Repeat, exactly as written, all of the entries, but not their pictures.
── Records shown ──
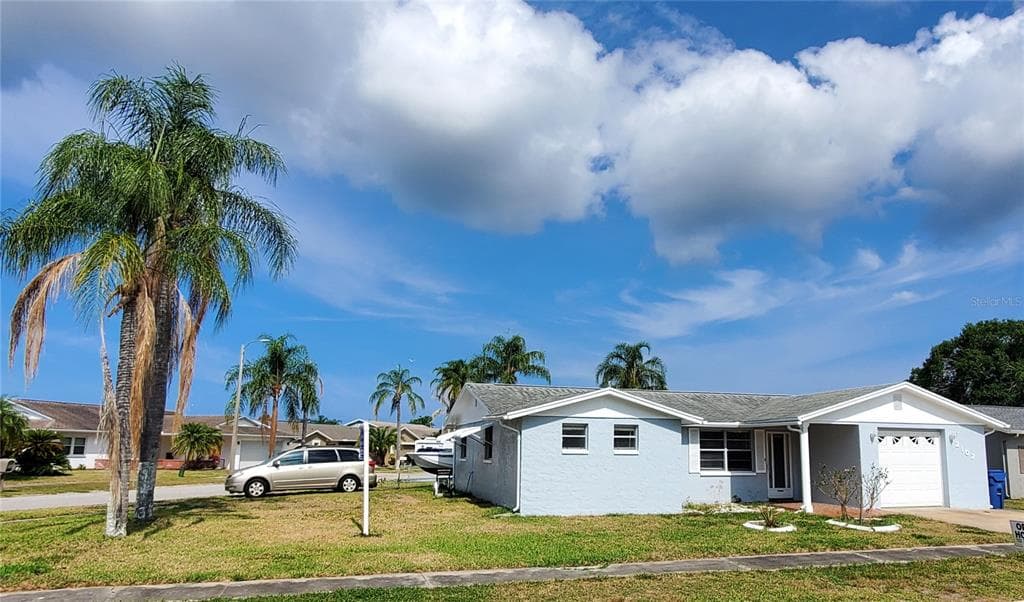 2107 HARRISON DRIVE HOLIDAY, FL 34691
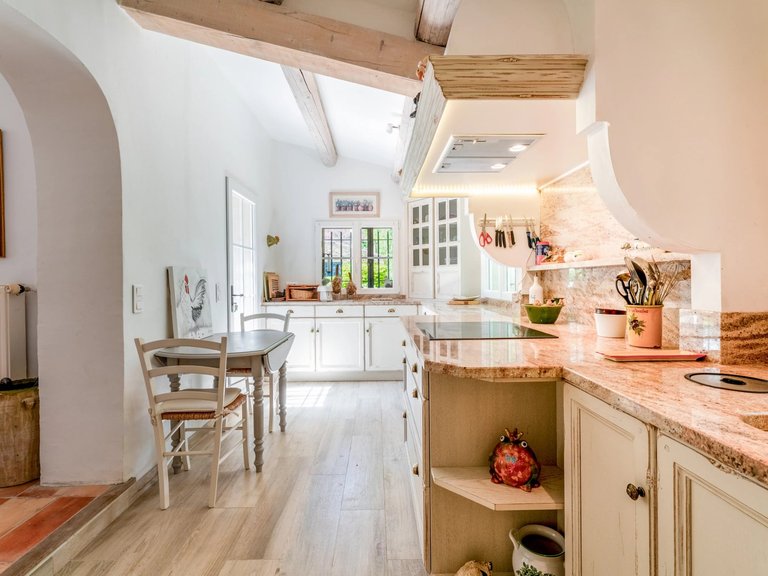 Villa for Sale in Gordes, The Luberon / Vaucluse 9
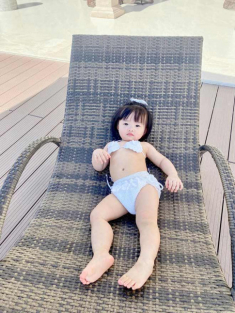 Đông Nhi định cho con gái thi hoa hậu tương lai, 1 tuổi đã tập khoe dáng với bikini
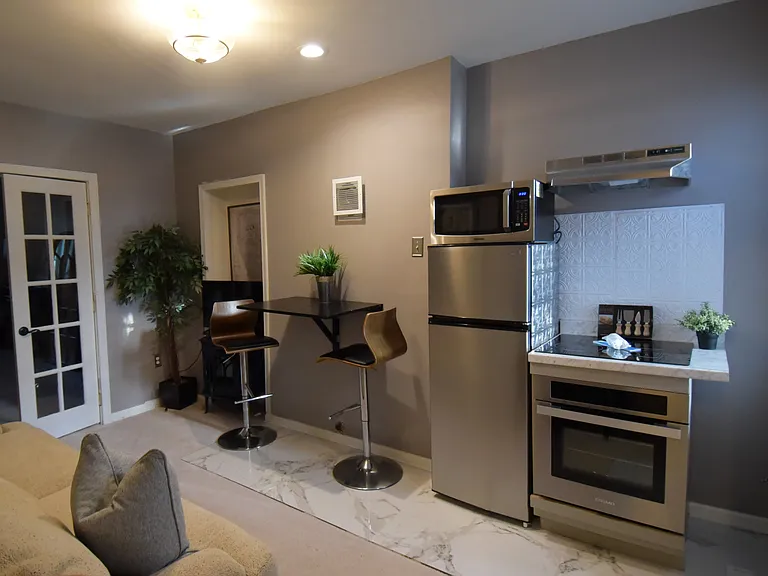 706 N Columbus St — Photo 17
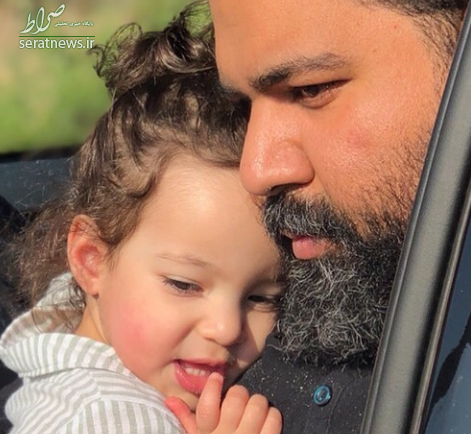 عکس رضا صادقی و دخترانش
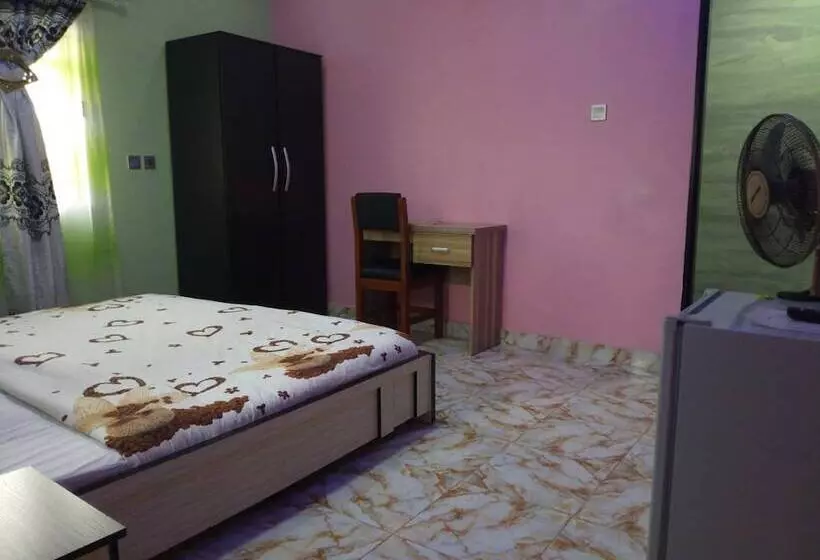 ホテル De Maria Inn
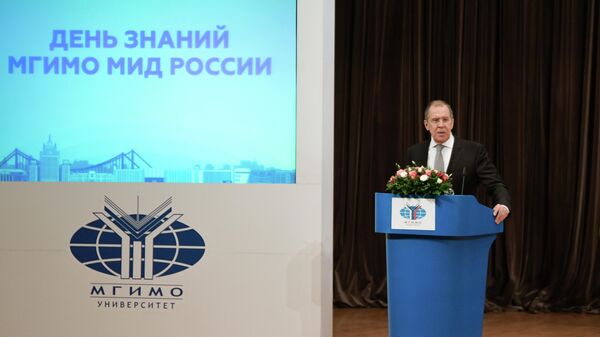 Министр иностранных дел РФ Сергей Лавров выступает перед студентами МГИМО в День знаний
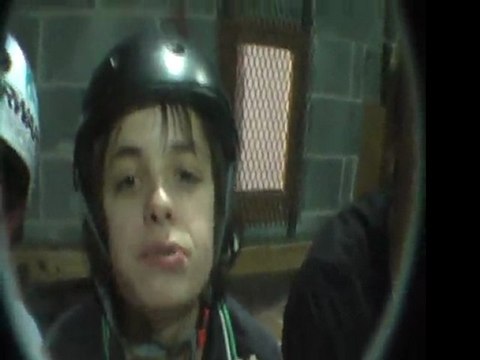 Tu veux qu'on s'éfrite ?! Bah suces mon cul , boloss !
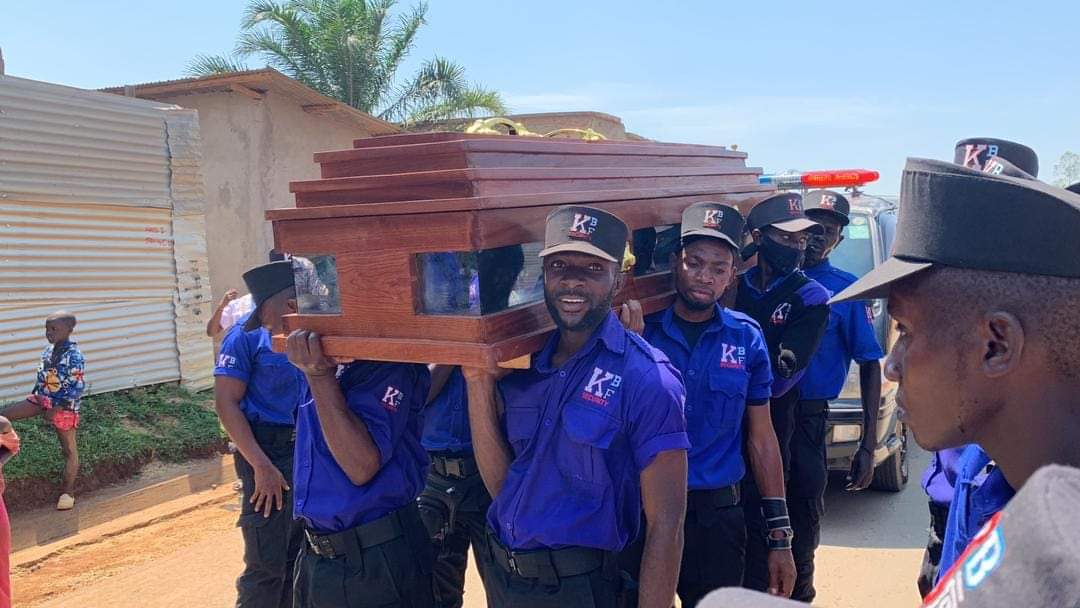 Ituri:Tué à Bunia par des inconnus,un agent de gardiennage du Groupe KBF enterré sous de vives émotions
───
__Result of the task__:
 2107 HARRISON DRIVE HOLIDAY, FL 34691
 Villa for Sale in Gordes, The Luberon / Vaucluse 9
 Đông Nhi định cho con gái thi hoa hậu tương lai, 1 tuổi đã tập khoe dáng với bikini
 706 N Columbus St — Photo 17
 عکس رضا صادقی و دخترانش
 ホテル De Maria Inn
 Министр иностранных дел РФ Сергей Лавров выступает перед студентами МГИМО в День знаний
 Tu veux qu'on s'éfrite ?! Bah suces mon cul , boloss !
 Ituri:Tué à Bunia par des inconnus,un agent de gardiennage du Groupe KBF enterré sous de vives émotions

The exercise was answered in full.